ちなみに史実では、真田を徳川の与力にするというのは、前回放映の家康の上洛の際(天正14年10月)、直接、秀吉から家康に伝えていたそうです。その折に、真田の他に、小笠原貞慶と木曽義昌も家康与力になることが告げられていました。家康は上洛した折に、秀吉と相談し、昌幸らが与力になることを承知していたのでした。
今回のドラマでは、昌幸が上洛してその帰途に駿府に寄ったことになっていましたが、実際には、上洛前に昌幸にも家康の与力になることが通達されていたので、昌幸は先に駿府に寄って、その後、大坂城に行ったようです。

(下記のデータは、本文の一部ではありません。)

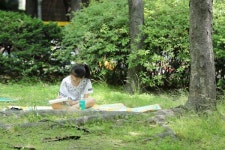 서울 고덕평생학습관, 독서활성화 위해 가족백일장 개최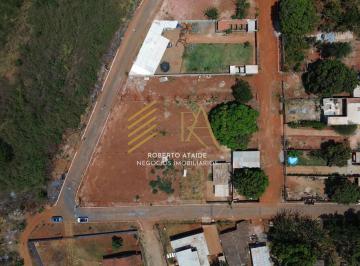 Terreno , Brasília · LOTE DE 600m²_QD. 04 PARKWAY_2KM DE ÁGUAS CLARAS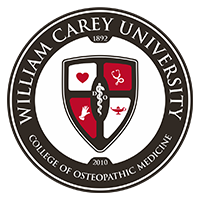 William Carey University College of Osteopathic Medicine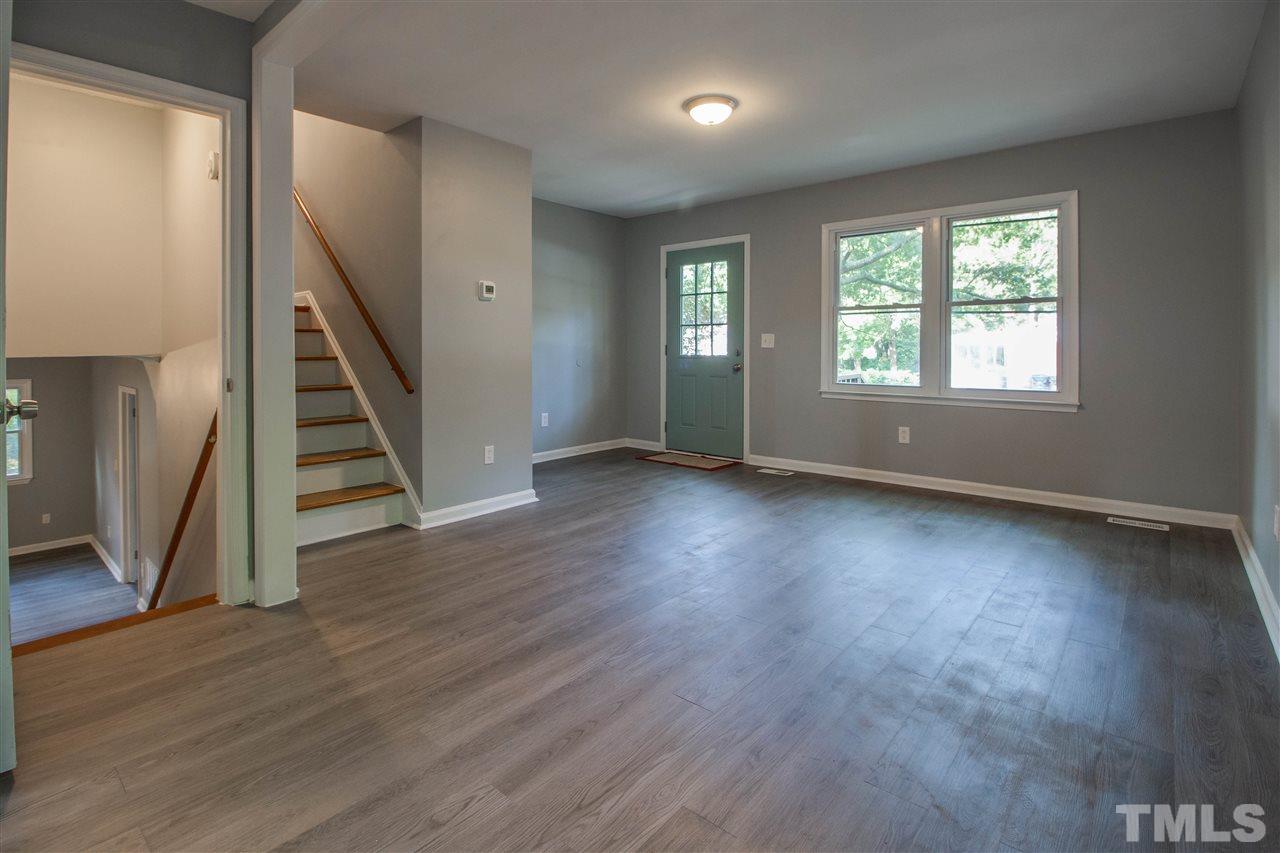 7640 Mine Valley Road Raleigh, NC 27615 - Photo 8 of 21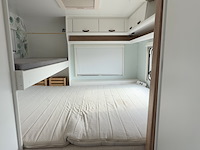 Caravan, buerstner, 5323, 2000 - afbeelding 14 van  23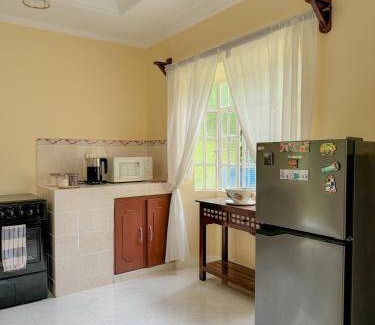 Badoc Apartment | 100 m² Apartment ∙ 2 bedrooms ∙ 4 guests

しかし当時、真田は上杉に属していました。秀吉の一存で勝手に真田を上杉から引き離して、徳川の与力にしてしまったわけです。これは、景勝が怒るでしょう。秀吉が、家康上洛の直後に、景勝に出した釈明の手紙があります(天正14年11月4日付)。内容は、「関東のことを家康と相談し、関東は家康に諸事任せることにした。真田は、小笠原、木曽とともに徳川へ返した。上杉の顔を立てて、不届きな真田を許してやったので、今回の措置も遺恨なきよう・・・・」という内容です。
景勝の顔を立てて、真田を許してやったのだから、真田を上杉から引き離して家康に付けるのも認めてくれ、ということです。景勝、この手紙読んで内心怒ったでしょうね。
読みようによっては、この時点で秀吉は北条に変えて家康に関東を任せると決めていた様子のようにも読めます。
それにしても、この文面から、上杉景勝は秀吉に対し、「真田を許してくれ」と頼んでいたことが伺われます。(景勝公、心より感謝申し上げます)
源次郎が秀吉の人質として大阪城に入ったのは、実際には、少なくとも、この後のことだと思われます。真田が上杉の与力でなくなったので、このとき、源次郎は上杉の人質でいる必要がなくなったからです。
そうなのですか。教えてくださってありがとうございました。